*** Opening RECORDED INFORMATION ***
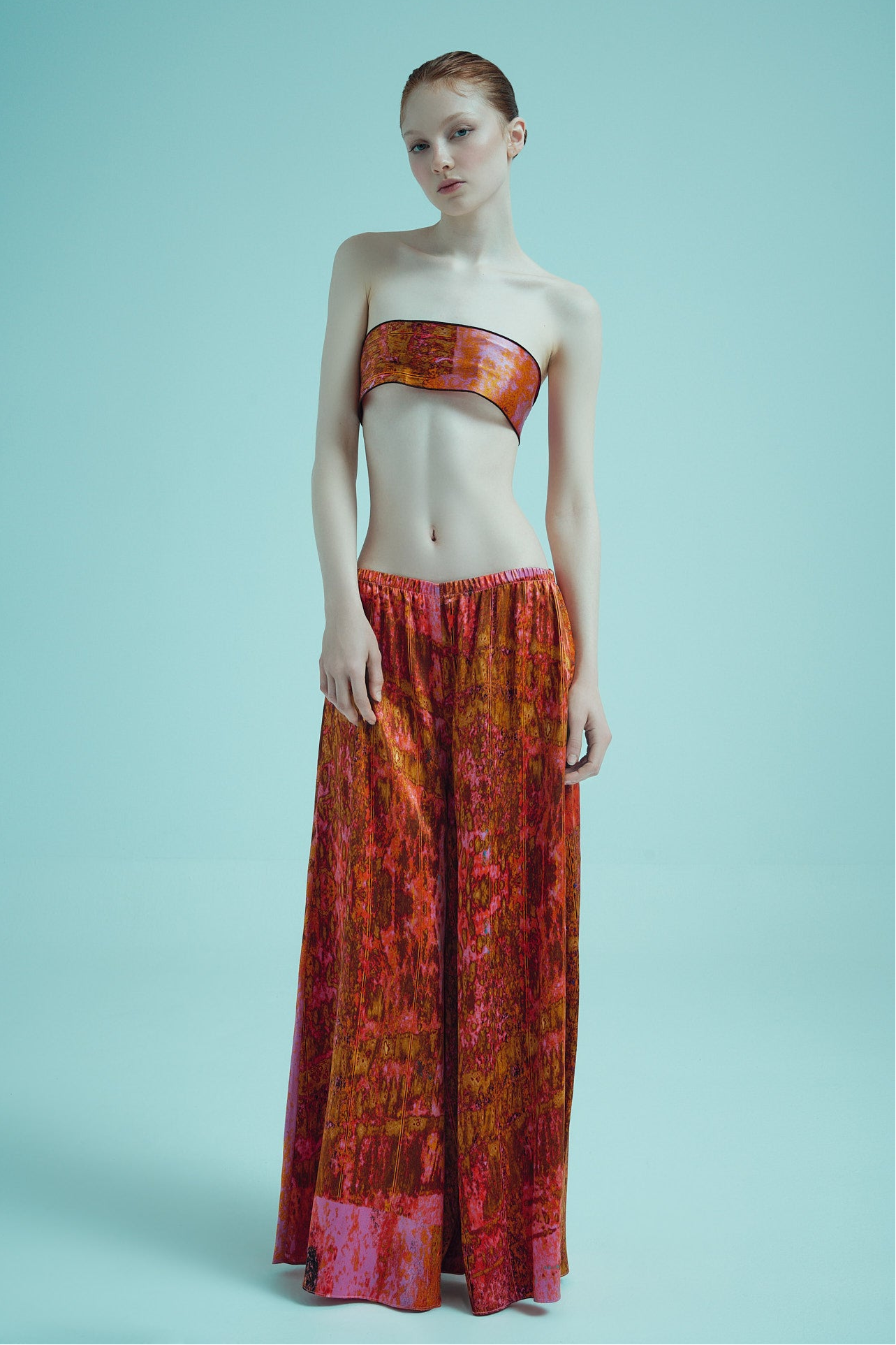 printed silk skirt pant with photographic surface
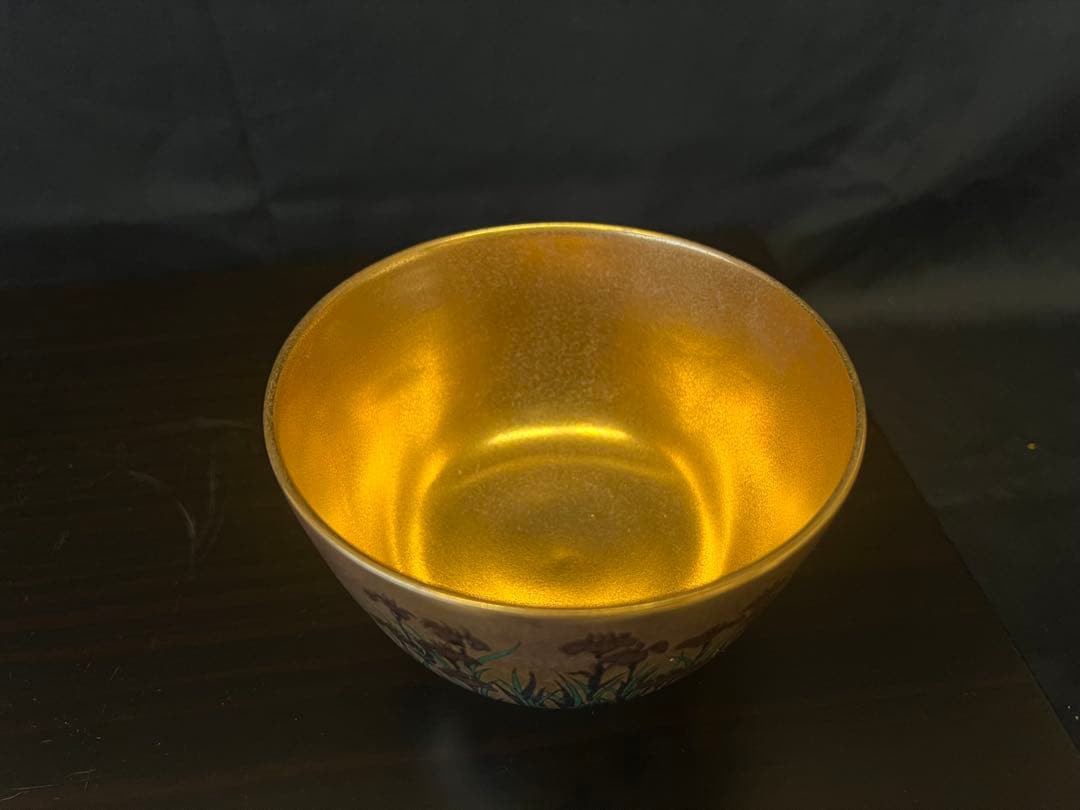 光琳写燕子花図茶盌　美濃 加藤良峰　共箱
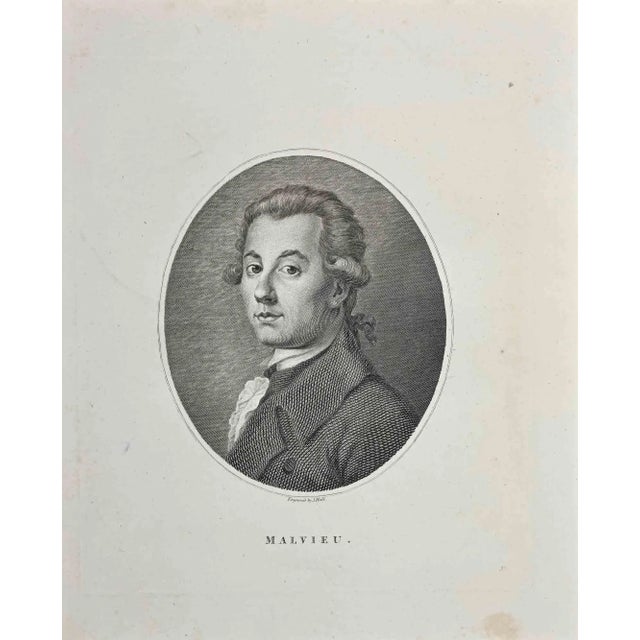 Portrait of Malvieu is an original artwork realized after John Hall (1737 - 1797). Original Etching from J.C. Lavater's...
*** Closing RECORDED INFORMATION ***
An exact reproduction of the data is required, with pictures excluded.

 printed silk skirt pant with photographic surface
 光琳写燕子花図茶盌　美濃 加藤良峰　共箱
 Portrait of Malvieu is an original artwork realized after John Hall (1737 - 1797). Original Etching from J.C. Lavater's...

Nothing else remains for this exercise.